Однажды подняли училище по тревоге. Погрузилось нас сотни полторы курсантов в десяток грузовиков, и через пару часов были под городом Тихорецком. Почти все, кроме командиров взводов, необстрелянные. Развернули нас на позиции справа и слева от дороги на Ростов. Один фланг упирался в железную дорогу Тихорецкая — Новороссийск. Других войск мы не видели. Только успели окопаться и заправиться кашей с тушенкой из полевой кухни, как вдалеке на дороге показались грузовики противника с пехотой. А за ними танки. Развернутые в две или три цепи. Много, десятка два. У нас из оружия винтовки, пулеметы и минометы.

Орудий против танков ни одного. Только бутылки с зажигательной смесью, или коктейлем Молотова, как потом она стала называться. Минометным огнем мы заставили пехоту машины покинуть и залечь. Несколько машин загорелось. Настроение поднялось. Но когда начался массированный танковый обстрел, стало жутко. Вскоре он прекратился, и появились самолеты. Видимо, танкисты только обозначили для летчиков наше месторасположение. Вражеские командиры как будто демонстрировали боевое искусство. Как на учениях. Хотя бомбы падали беспорядочно, часто далеко от наших позиций, но страх охватывал все больше. Временами наступало просто оцепенение. Казалось, что мы обречены. И только обстрелянные командиры передавали по цепи, что не надо бояться. Немцев можно бить. Надо подпустить их поближе и ударить по пехоте из всех стволов, а танки забросать бутылками с зажигательной смесью. Если побежим — погибнем и не решим задачу. Легко сказать «подпустить поближе». Я мысленно уже с жизнью попрощался.

Пока нас обстреливали и бомбили, немецкая пехота развернулась в цепь и двинулась на нас. Подпустив поближе, мы опять накрыли их минометным огнем и заставили залечь. Тогда двинулись их танки. Мы приготовились встретить их бутылками. Хотя на успех уже и не надеялись. И тут неожиданно среди танковых цепей поднялись сразу несколько земляных фонтанов. Как будто взрывались мощные фугасы. Несколько танков перевернулись, некоторые загорелись, другие стали разворачиваться и отступать. Взрывы продолжались, а мы не могли понять, что происходит. Поврежденные нами автомашины немцев разлетались в щепки. Вражеская пехота поднялась и, неся потери от взрывов наших пулеметов и минометов, драпанула за уцелевшими танками. Вскоре разрывы прекратились, и в наступившей тишине мы сначала услышали протяжный паровозный гудок, а потом и увидели на насыпи железной дороги бронепоезд с мощными корабельными орудиями на платформах. Некоторое время он не двигался, и мы успели заметить, что его команда состояла из моряков. Потом, постепенно убыстряясь, бронепоезд покатился в сторону Новороссийска. Туда, откуда и прибыл. Эта ситуация была похожа на чудо. Чудо спасения. И эту жутко-чудесную картину я буду помнить до самого конца.

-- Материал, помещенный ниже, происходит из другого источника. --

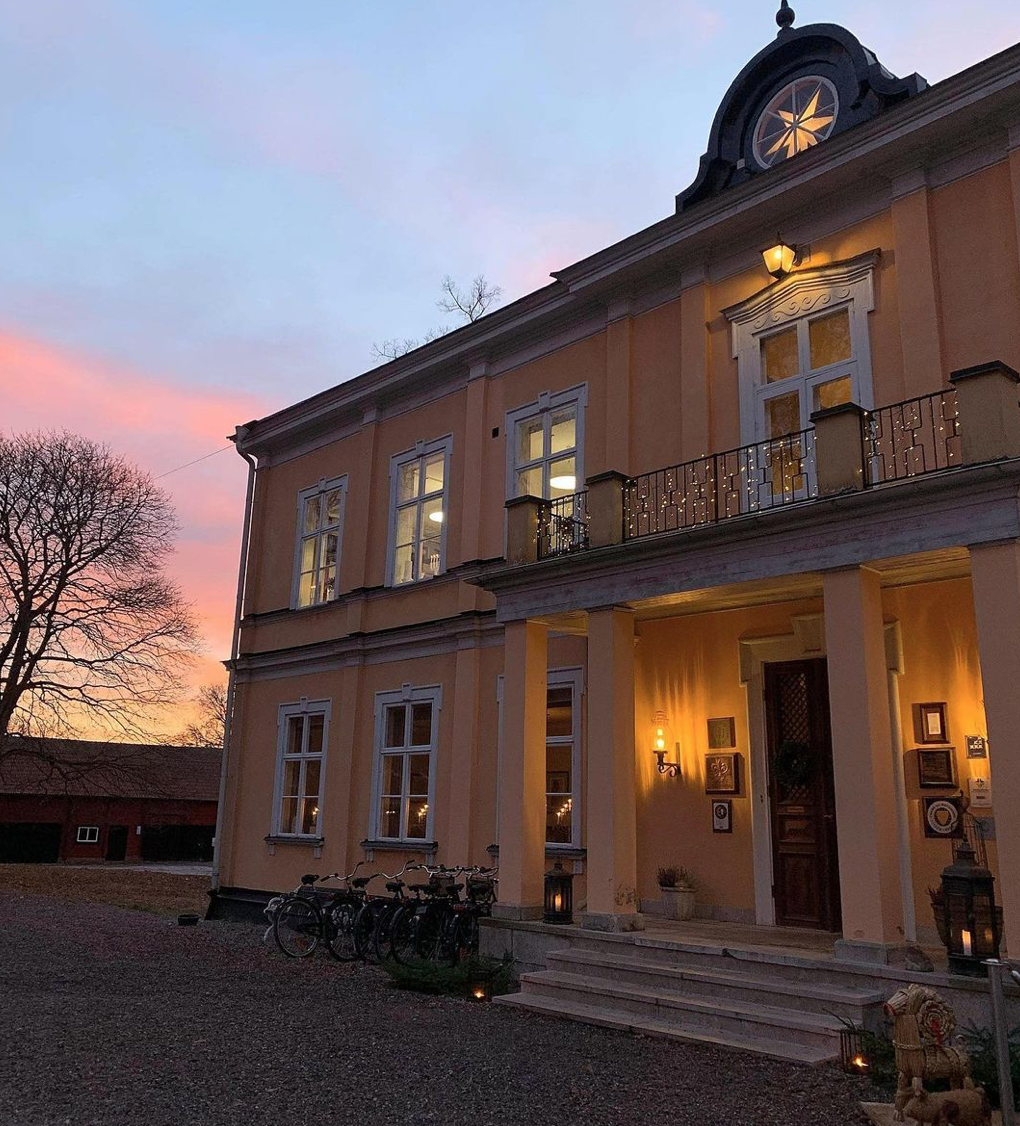 Thoresta Herrgård, Restaurant in Bro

Противник перед нами больше не появился. Вечером, забрав с собой убитых и раненых товарищей, мы опять погрузились в подъехавшие грузовики и, минуя Краснодар, к середине ночи прибыли в Корячий Ключ. Потом мы узнали, что, отступив, немцы пошли в обход. И чтобы избежать окружения, нас с позиций отвели. Там начальник училища объявил, что теперь нас эвакуируют для окончания учебы в глубокий тыл. Сначала пешим ходом через горы до Туапсе, а потом поездом в Ереван.

На фронт в район Моздока я возвратился младшим лейтенантом в декабре 1942 года к началу нашего общего наступления на всем Северном Кавказе. А в феврале во главе взвода освобождал родной Кропоткин. Через год уже командиром роты был у Днепра. Там для меня война и закончилась. Не было и двадцати лет, как я стал инвалидом без руки. Но мне «повезло». Большинство моих сверстников на той страшной войне погибли. Но ни у меня, ни у большинства тех, кто погиб, не было желания откосить от фронта. Наоборот, мы рвались в действующую армию, на фронт. Многие, как и я, прибавляли для этого возраст. Не было чувства, что война несправедливая с нашей стороны. Наоборот, была убежденность, что для нас эта война священная. Наша война. Как в драке стенка на стенку. «Наших бьют», и все. Ничего рационального. Только эмоции. И они побеждают все остальное — страх, разум, осторожность.